Steph Kretowicz & Kaino Wennerstrand have launched a book-pod-art-cast series: Somewhere I’ve Never Been. It’s a tad complicated. Kretowicz has written a book and build a project around it which happens simultaneously as podcasts, a webpage (with links to essays/articles) and in (fb) discussions. The first podcast episode (1/7) offers a personal account to the subject of post-soviet global westernization. Kretowicz’s text is packed with pop-culture references (which leave me cold) but her account on visiting a music festival in Romania (as a first generation Polish-Australian) is touching. Her estrangement is twofold.. She is a daugher of immigrants who seeks for grand narratives in global-pop and a creative-westerner from London ushering promises of development for ex-soviet countries. Keywords for the first episode would be: Nationalistic stereotypes, beer, sentimentalism and global-pop.

An interesting text on post-fossil sexualities: Sex Matters on the Hot Earth – Making Wonderlust (2017) by Anni Puolakka.

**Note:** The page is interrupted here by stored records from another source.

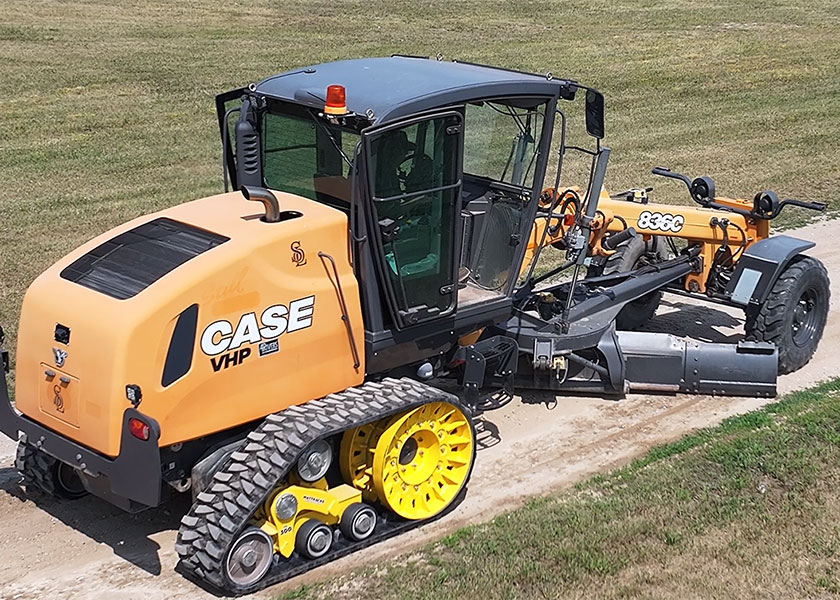 Grader fitted with Mattracks TD300 working on rural road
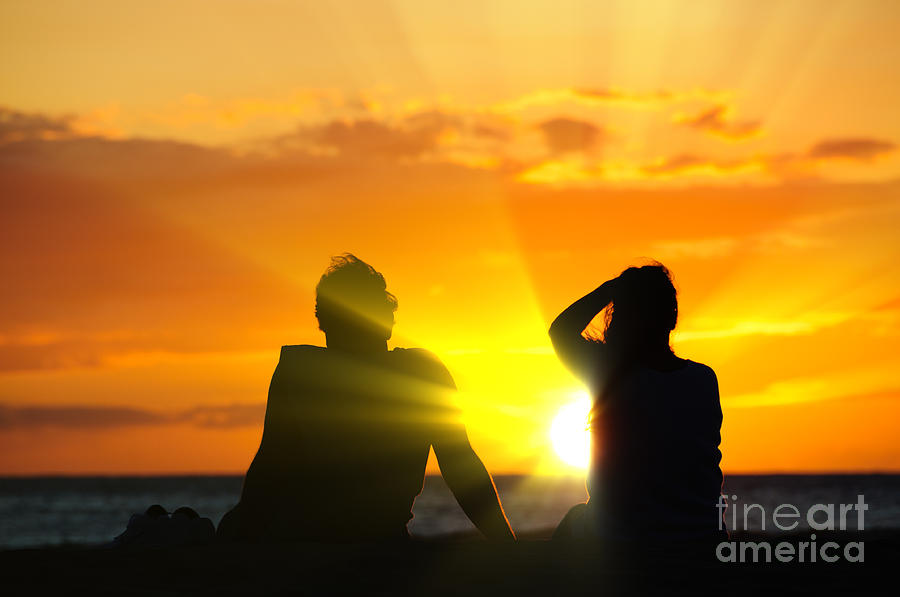 Couple watching the sunset on a beach in Maui Hawaii USA #9 Photograph by Don Landwehrle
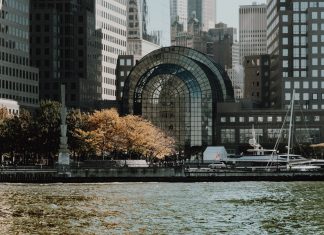 16 NJ Towns for a Day Trip: Your Hudson County Guide Elegant cityscape featuring modern waterfront buildings and a marina in an urban setting.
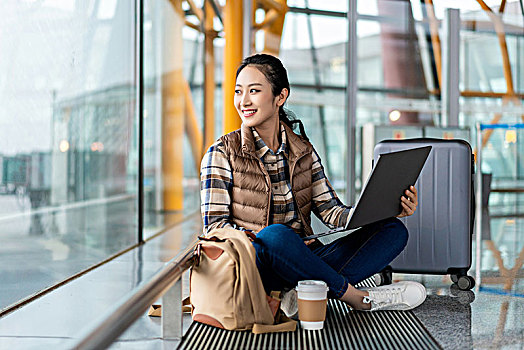年轻女子在机场使用电脑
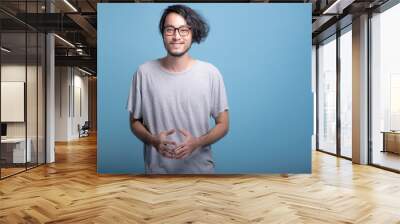 Young bearded man confident portrait in blue background. Wall mural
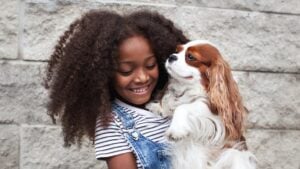 portrait happy african american child holding pet-2025-01-16-12-10-00-utc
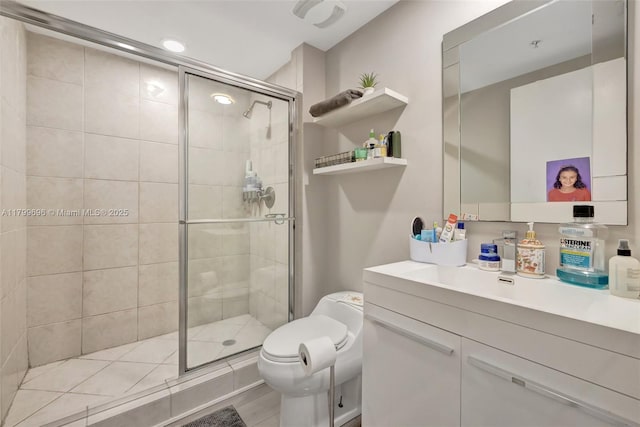 full bath featuring a stall shower, vanity, toilet, and recessed lighting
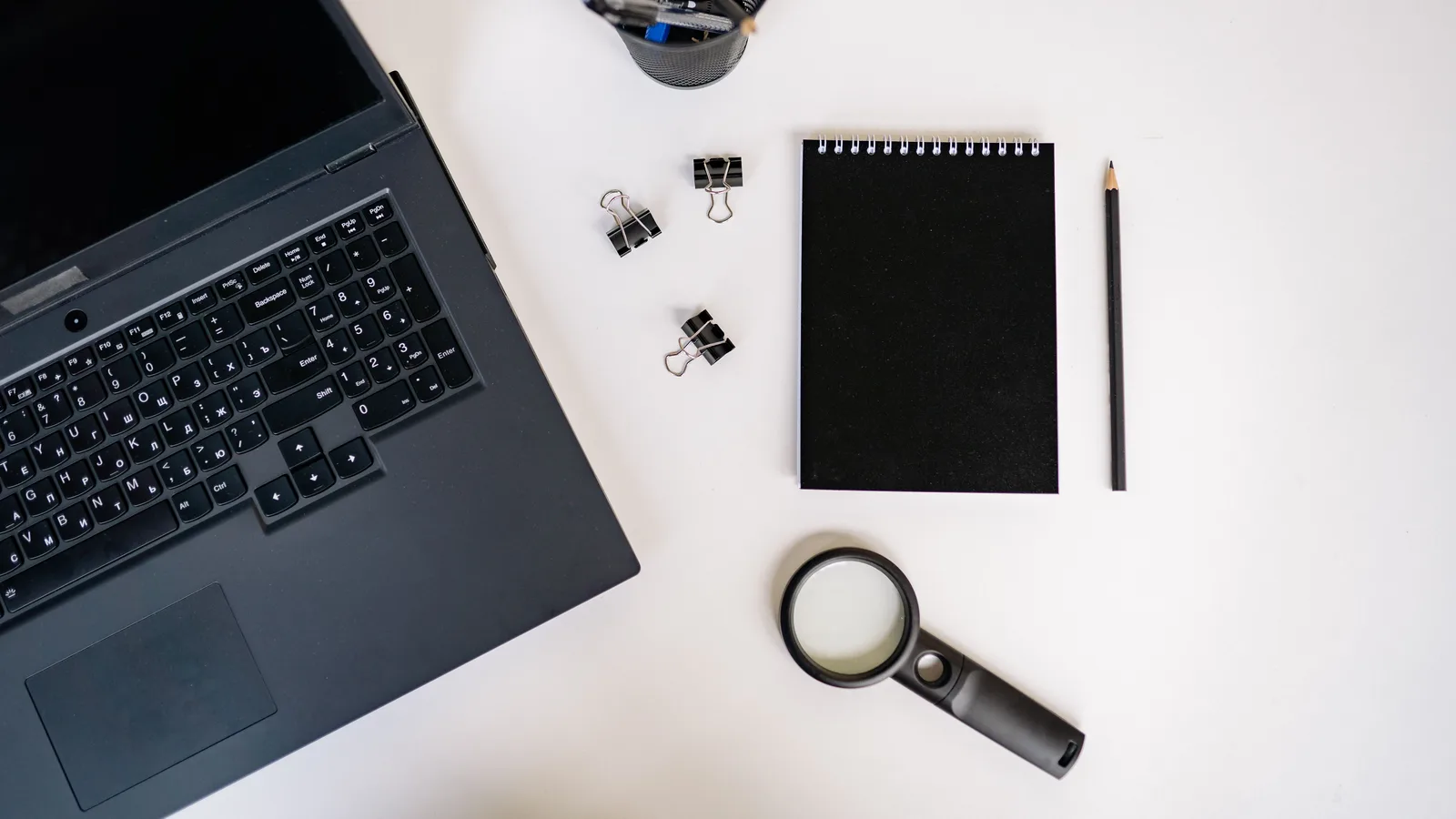 Flat lay of black office supplies on white background, including laptop and notepad.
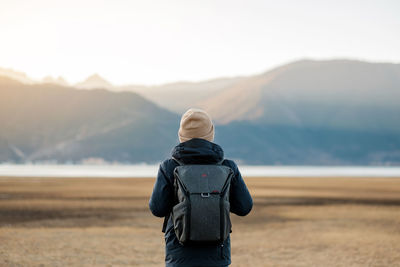 Rear view of man looking at camera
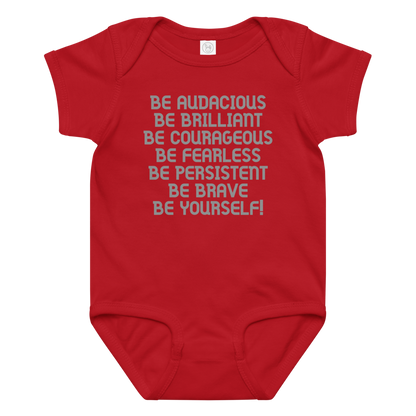 "Be Audacious Be Brilliant Be Courageous Be Fearless Be Persistent Be Brave Be Yourself!" printed on a red baby jersey bodysuit laying on a flat surface amongst other clothes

She references Low-Eroei Manifesto (2017?) by Tommi Vasko.

Today the tellurian lubricant (oil) underlies every narration on Earth. […] One could say that urbanization, the rise of youth culture, sexual liberation, idea of infinite growth and individualism are all born from this sudden ecstatic burst of excess energy: a liberation from physical labour which is suddenly done for us by fossil-fuels.

The manifesto is fun to read (it’s so-ooo angry). Vasko’s views on sustainability are romantic. Sustainability does not mean a balanced relationship with the environment – Absolute control of the environment can be sustainable too. The text also claims that art is a messiah in our efforts to reach sustainability. De-rendering is the most interesting concept presented in the text (More on loweroi.net).